Cannabis in Germany is legal for certain limited medical contexts, but illegal for recreational usage, though possession of minor amounts is not always prosecuted. As of 2022, approximately 4 million adults in Germany use cannabis.

After the 2021 German federal election, the resulting coalition announced in their coalition agreement they plan to legalise cannabis for purposes of recreation, although concrete legislation to this effect has not yet been introduced. A study conducted by the University of Düsseldorf in 2021 reported that legalising cannabis could raise more than €4.7 billion in additional revenue in Germany.

Medical cannabis 
Dronabinol was rescheduled in 1994 from annex I to annex II of the Narcotics Law (Betäubungsmittelgesetz) in order to ease research; in 1998 dronabinol was rescheduled from annex II to annex III and since then has been available by prescription. whereas Δ9-THC is still listed in annex I. Manufacturing instructions for dronabinol containing compendial formulations are described in the Neues Rezeptur-Formularium.

Although Δ9-THC is still listed in annex I, in a few cases, patients have been able to obtain from the federal drug authority a special permit to import natural cannabis through a pharmacy. Manufacturing instructions for dronabinol containing compendial formulations are described in the Neues Rezeptur-Formularium.

In February 2008, seven German patients were legally being treated with medicinal cannabis, distributed by prescription in pharmacies.

On 4 May 2016, the Cabinet of Germany approved legislation allowing the use of cannabis for seriously ill patients who have consulted with a doctor and "have no therapeutic alternative". German Health Minister Hermann Gröhe presented the legal draft on the legalisation of medical cannabis to the cabinet which took effect on 10 March 2017. Licenses will be given by "Federal Institute for Drugs and Medical Devices" to companies for growing medical cannabis  and import  according to strict EU-GMP standards. As of March 2017, the seriously ill can obtain cannabis with a doctor's prescription, paid for by health insurance.

Enforcement 

The German narcotics law (Betäubungsmittelgesetz) states that authorities are not required to prosecute for the possession of a "minor amount" of any narcotic drug meant for personal consumption, except in cases "of public interest", i.e. consumption in public, in front of minors or within a public school or a state prison. The definition of "minor amount" varies, from up to  of cannabis in most states to  in Berlin.

Under German law, the consumption itself of narcotics is not illegal: legally speaking, it is considered as non-punishable self-harm. Legal commentaries recognise that it is possible to consume drugs without having bought them first, in a legal sense. This has the practical effect that a positive drug test does not necessarily mean that one has illegally purchased them.
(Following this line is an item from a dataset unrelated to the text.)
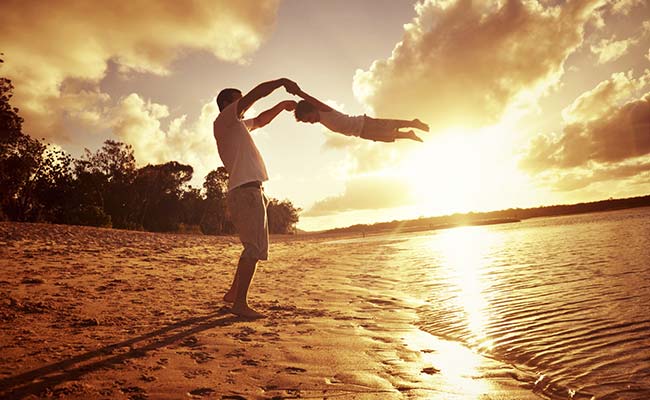 बच्चे क्यों किसी सुंदर फूल को देखते ही उसे तोड़ने के लिए मचल उठते हैं?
Despite the fact that there is no punishment de jure, consumers can be forced to undergo a medical-psychological assessment (MPU) to assess their driving suitability. Loss of drivers licence is not uncommon, followed by a regime of drug screenings to prove the suitability. Unlike for ethanol, whether one operated a motor vehicle under the influence (or indeed with trace amounts of THC in the bloodstream) is often immaterial.

Hemp Parade 

The Hanfparade () is a hemp legalisation demonstration in Berlin. It has taken place each year in August since 1997.

Global Marijuana March 

The Global Marijuana March has taken place in Germany since 2011 and gets coordinated by the Deutscher Hanfverband (German Hemp Association).

Hemp museum 
The Hanfmuseum was established in Berlin in 1994.

Hemp food 
Non-psychoactive foods made with hemp seeds (less than 0.2% THC) are very common in German health food shops such as Reformhaus. Since the late 2010s, Hemp foods and drinks have become widely available even in normal supermarkets in some cities including Berlin, and health food shops and drug stores like dm and Rossmann have begun selling various CBD products, sometimes including THC-free cannabis.

Politics 

The Greens, The Left, and the Free Democratic Party want the government to legalise the regulation of cannabis for private consumption. They say that this will help protect adult consumers from buying cannabis laced with other harmful chemicals. They also say that buying cannabis on the black market stigmatises ordinary citizens, preventing them from seeking help if they need it and increasing the chance that they will buy harder drugs. Cannabis shops would eliminate this risk and prevent minors from buying the drug with the implementation of legal minimum age checks for purchase.

2021 German federal election 
In the coalition talks between the SPD, the Greens and the FDP that followed the federal election in 2021, the proposal arose within the framework of a government that was to be formed to release cannabis for legal distribution to adults and to sell it in licensed specialist shops in the future.

2022 legalisation 
In January 2022, Federal Minister of Justice Marco Buschmann stated that the ministry was drafting cannabis regulations, but the date of legalisation would be up to the Ministry of Health. A 2022 German cannabis legalization framework was introduced in October. The German health minister wants to make it legal for adults to purchase and own up to 30g (1 oz) of cannabis for recreational use and to privately grow up to three plants.